Section 1, Employers' Liability Act, 35 Stat. 65, declares that carriers "shall be liable in damages to any person suffering injury while he is employed," etc.,

"resulting in whole or in part from the negligence of any of the officers, agents, or employees of such carrier, or by reason of any defect or insufficiency, due to its negligence, in its cars, engines, appliances, machinery, track, roadbed, works, boats, wharves, or other equipment."

In cases within the purview of the statute, the carrier is no longer shielded by the fellow-servant rule, but must answer for an employees negligence as well as for that of an officer or agent.

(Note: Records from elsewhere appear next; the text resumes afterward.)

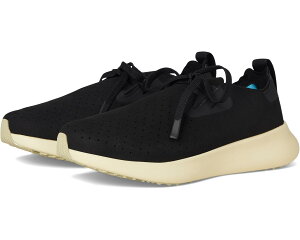(���) �l�C�e�B�u�V���[�Y ���j�Z�b�N�X �A�|�� 10 Native Shoes unisex Apollo 10 Jiffy Black/ Tapioca Off White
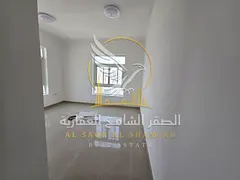 The best two master-bedroom apartment with a living room, balcony with open view, and modern finishi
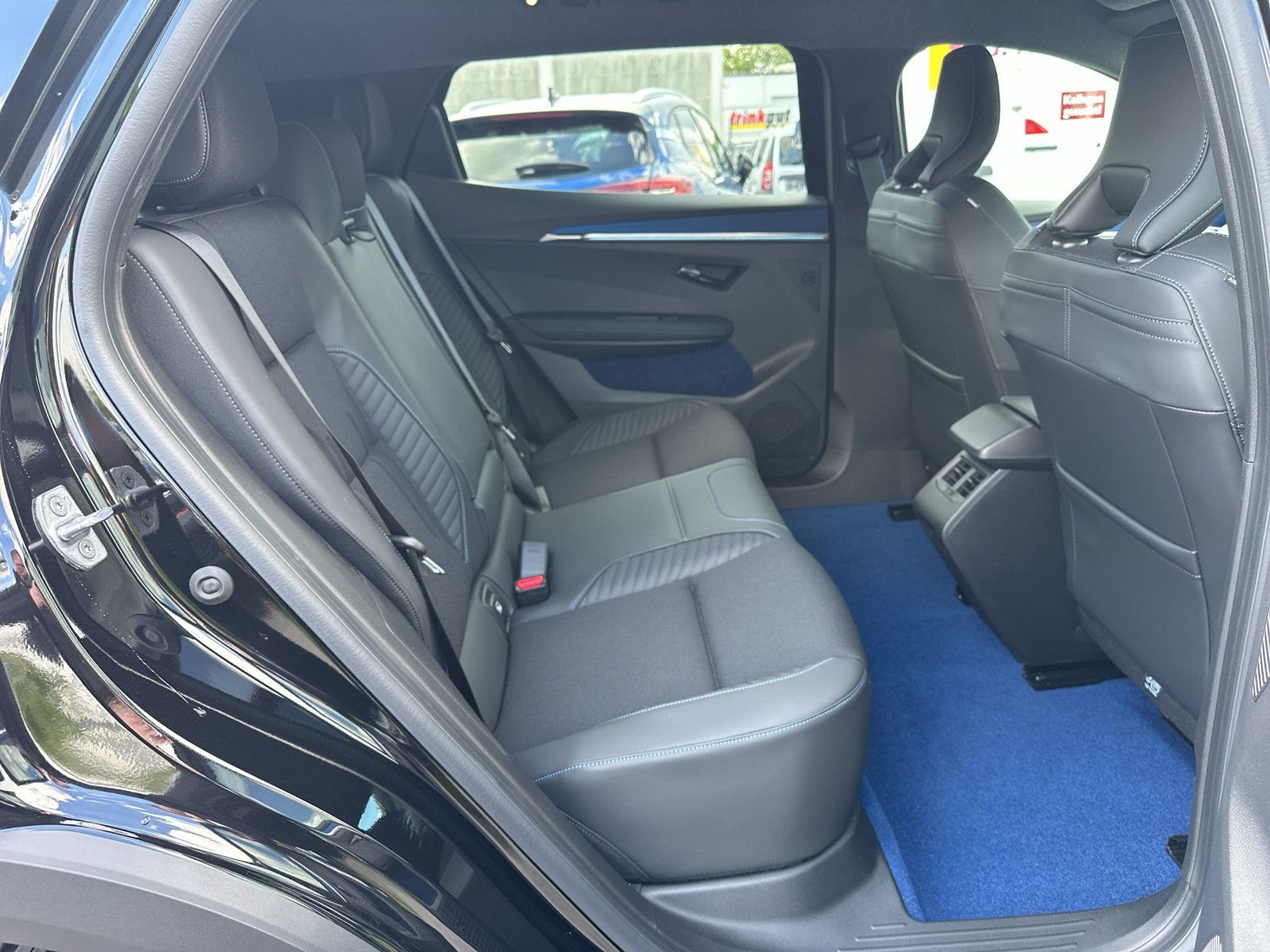 Renault Scenic E-TECH - Bild 12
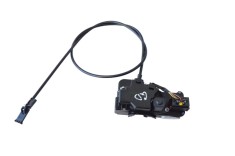 &Icirc;ncuietoare ușă dreapta spate TESLA MODEL S 2017 OEM: 6008914-00-D 21847997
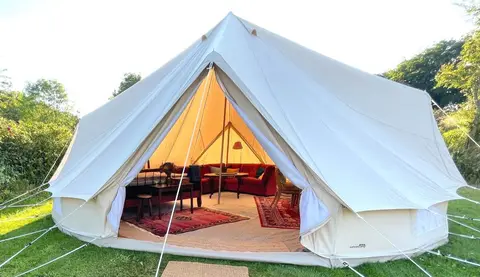 Vammen Camping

In Seaboard Air Line Ry. v. Horton, 233 U. S. 492, 233 U. S. 503, we said:

"It seems to us that § 4, in eliminating the defense of assumption of risk in the cases indicated, quite plainly evidences the legislative intent that, in all other cases, such assumption shall have its former effect as a complete bar to the action."

Jacobs v. Southern R. Co., 241 U. S. 229, 241 U. S. 235.

At common law, the rule is well settled that a servant assumes extraordinary risks incident to his employment or risks caused by the master's negligence which are obvious or fully known and appreciated by him. Shearman & Redfield on Negligence (6th ed.) § 208; Bailey, Personal Injuries (2d ed.) § 385. This general doctrine was clearly recognized in Gila Valley Ry. Co. v. Hall, 232 U. S. 94, 232 U. S. 101; Jacobs v. Southern R. Co., supra; Chesapeake & Ohio Ry. v. De Atley, 241 U. S. 310, 241 U. S. 313, and Erie R. Co. v. Purucker, 244 U. S. 320, 244 U. S. 324.

Page 245 U. S. 446

The request in question did not accurately state any applicable rule of law, and was properly refused. Already the jury had been told that deceased assumed the ordinary risks of his employment -- a statement more favorable than plaintiff could properly demand. The risk held to have been assumed in the Horton case certainly arose from negligence of some officer, agent, or employee, and if the negligence of all these should be excluded in actions under the Employers' Liability Act, it is difficult to see what practical application could ever be given in them to the established doctrine concerning assumption of risk.

The judgment below is

Affirmed.

MR. JUSTICE DAY took no part in the consideration or decision of this cause.